- Supplied data:
******

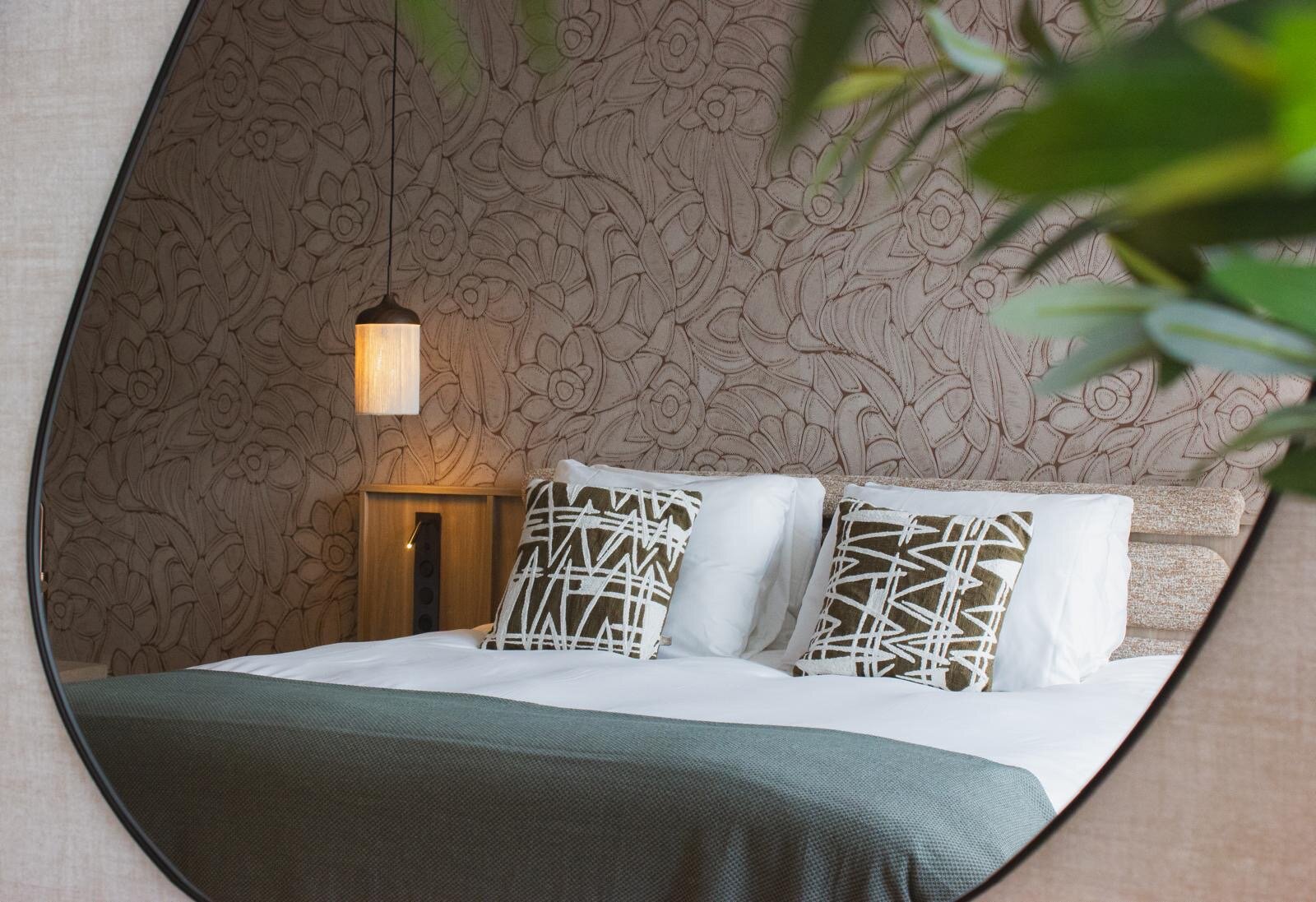 温泉2000酒店-官方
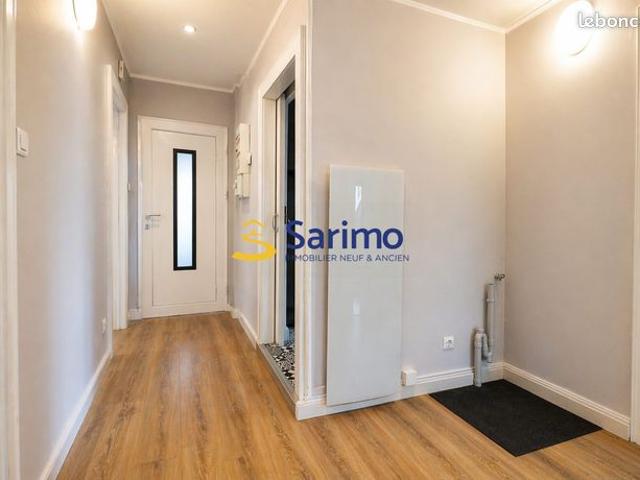 Appartement vente à Haguenau-Wissembourg, Gambsheim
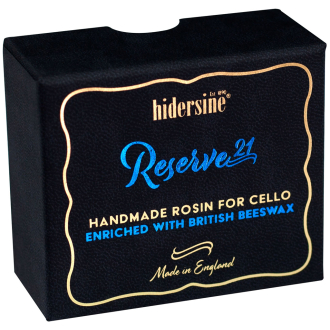 Hidersine Reserve21 Kolophonium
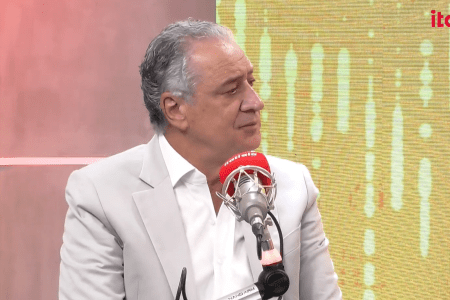 Quem pode doar e quem recebe: presidente do Atlético explica doações do IRPF ao Instituto Galo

******

- Directions for this task: Give back all of the material exactly, though without the images it contains.

- Result of the task:
 温泉2000酒店-官方
 Appartement vente à Haguenau-Wissembourg, Gambsheim
 Hidersine Reserve21 Kolophonium
 Quem pode doar e quem recebe: presidente do Atlético explica doações do IRPF ao Instituto Galo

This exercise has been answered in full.